The interface circuit 920 of the illustrated example also includes a communication device such as a transmitter, a receiver, a transceiver, a modem, a residential gateway, a wireless access point, and/or a network interface to facilitate exchange of data with external machines (e.g., computing devices of any kind) via a network 926. The communication can be via, for example, an Ethernet connection, a digital subscriber line (DSL) connection, a telephone line connection, a coaxial cable system, a satellite system, a line-of-site wireless system, a cellular telephone system, etc.

The processor platform 900 of the illustrated example also includes one or more mass storage devices 928 for storing software and/or data. Examples of such mass storage devices 928 include floppy disk drives, hard drive disks, compact disk drives, Blu-ray disk drives, redundant array of independent disks (RAID) systems, and digital versatile disk (DVD) drives.

The machine executable instructions 932 of FIGS. 7A and 7B may be stored in the mass storage device 928, in the volatile memory 814, in the non-volatile memory 916, and/or on a removable non-transitory computer readable storage medium such as a CD or DVD.

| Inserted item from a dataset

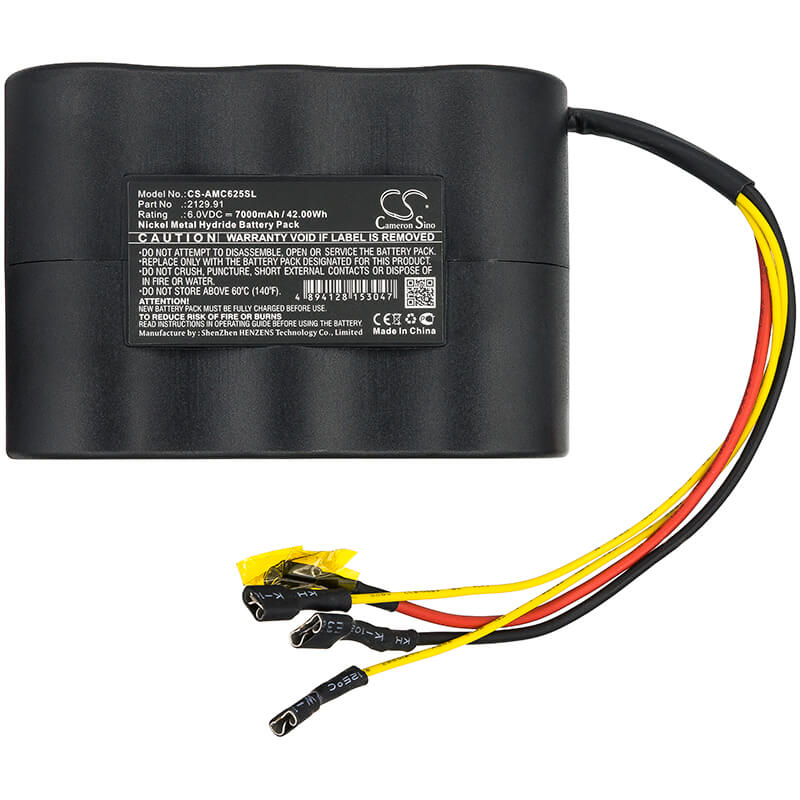 6.0V, 7000mAh, Ni-MH Battery fits Aemc, 6240, 6240 Micro-ohmmeters, 42Wh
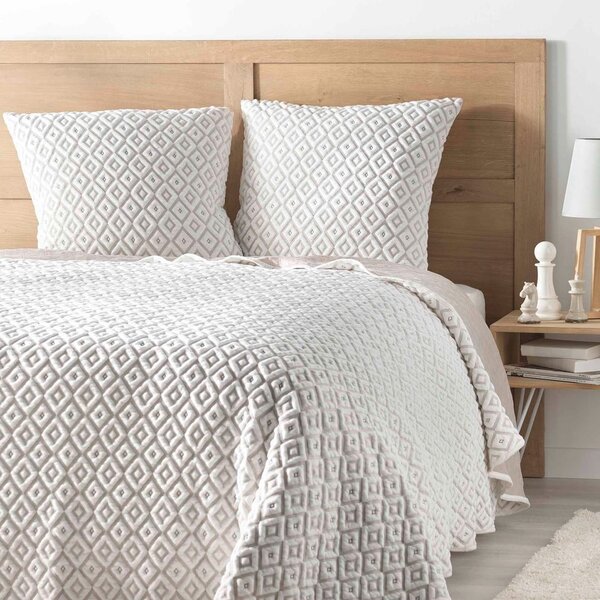 Bijeli/bež set prekrivača i jastučnice od jeseya 240x260 cm Joana – douceur d'intérieur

From the foregoing, it will be appreciated that example methods, apparatus and articles of manufacture have been disclosed that provide for dynamic control of thermal constraints and/or fan acoustic constraints of an electronic user device (e.g., a laptop, a tablet). Examples disclosed herein analyze sensor data indicative of, for instance, user interaction(s) with the device, other user activities (e.g., talking on a phone), and ambient noise to determine if a temperature of a skin of the device can be increased and/or if audible noises associated with rotation of the fan(s) of the device can be increased. Examples disclosed herein detect opportunities for increased skin temperature (e.g., when a user is interacting with the device via an external keyboard) and/or increased fan noise (e.g., when a user is located a threshold distance from the device or in a noisy environment). By permitting the skin temperature of the device to increase, example disclosed herein enable increased power to be provided to the hardware component(s) of the device and, thus, can improve performance (e.g., processing performance) of the device. By allowing the fan(s) to rotate at increased speed(s) and, thus, generate more noise, examples disclosed herein provide for efficient cooling of the device. The disclosed methods, apparatus and articles of manufacture improve the efficiency of using a computing device by selectively managing thermal constraint(s) for the device to optimize device performance and cooling in view user interactions with the device and/or ambient conditions. The disclosed methods, apparatus and articles of manufacture are accordingly directed to one or more improvement(s) in the functioning of a computer.

Example methods, apparatus, systems, and articles of manufacture to implement thermal management of electronic user devices are disclosed herein. Further examples and combinations thereof include the following:

Example 1 includes an electronic device including a housing, a fan, a first sensor, a second sensor, and a processor to at least one of analyze first sensor data generated by the first sensor to detect a presence of a subject proximate to the electronic device or analyze second sensor data generated by the second sensor to detect a gesture of the subject, and adjust one or more of an acoustic noise level generated the fan or a temperature of an exterior surface of the housing based on one or more of the presence of the subject or the gesture.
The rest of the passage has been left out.